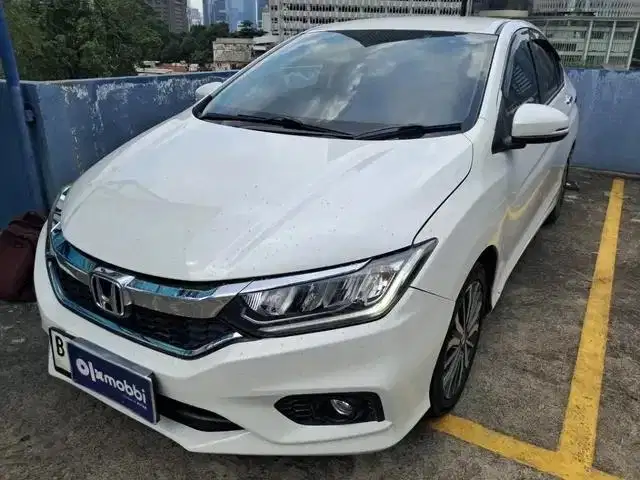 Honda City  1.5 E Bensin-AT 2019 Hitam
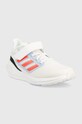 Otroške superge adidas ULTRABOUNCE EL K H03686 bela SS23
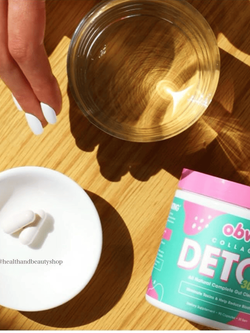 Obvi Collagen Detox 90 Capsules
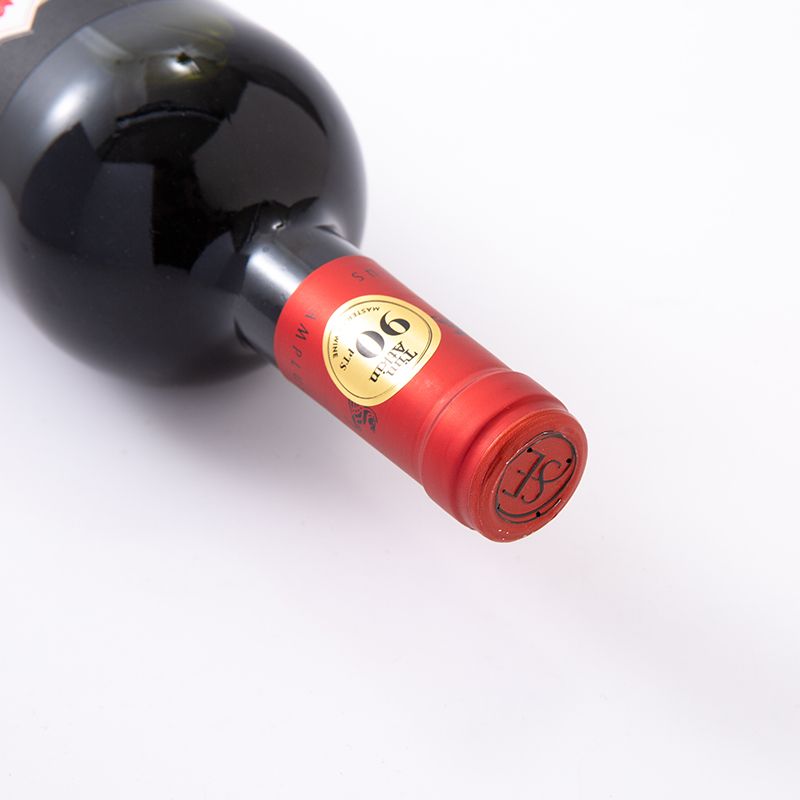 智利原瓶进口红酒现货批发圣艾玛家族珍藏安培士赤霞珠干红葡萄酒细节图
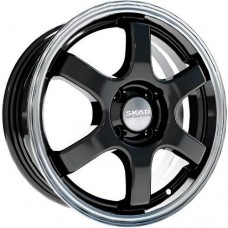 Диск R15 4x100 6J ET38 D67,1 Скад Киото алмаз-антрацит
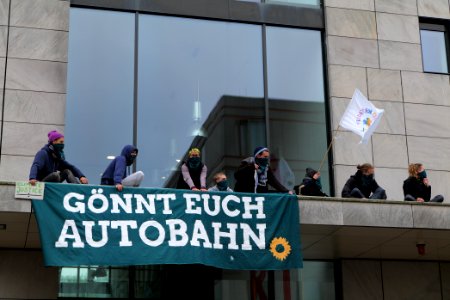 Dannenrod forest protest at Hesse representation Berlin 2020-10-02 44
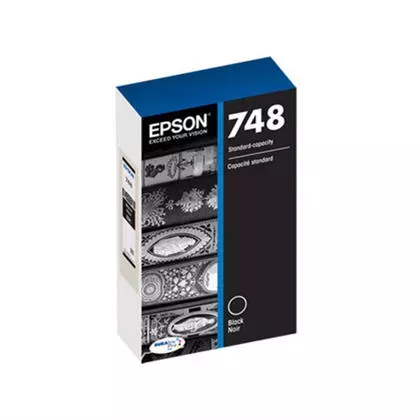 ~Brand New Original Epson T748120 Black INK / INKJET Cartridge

# # # #

### Problem details
All lines from the one containing "Диск R15 4x100" to the end of the entries should appear in the output exactly as written, with no pictures.

### Exercise output
 Диск R15 4x100 6J ET38 D67,1 Скад Киото алмаз-антрацит
 Dannenrod forest protest at Hesse representation Berlin 2020-10-02 44
 ~Brand New Original Epson T748120 Black INK / INKJET Cartridge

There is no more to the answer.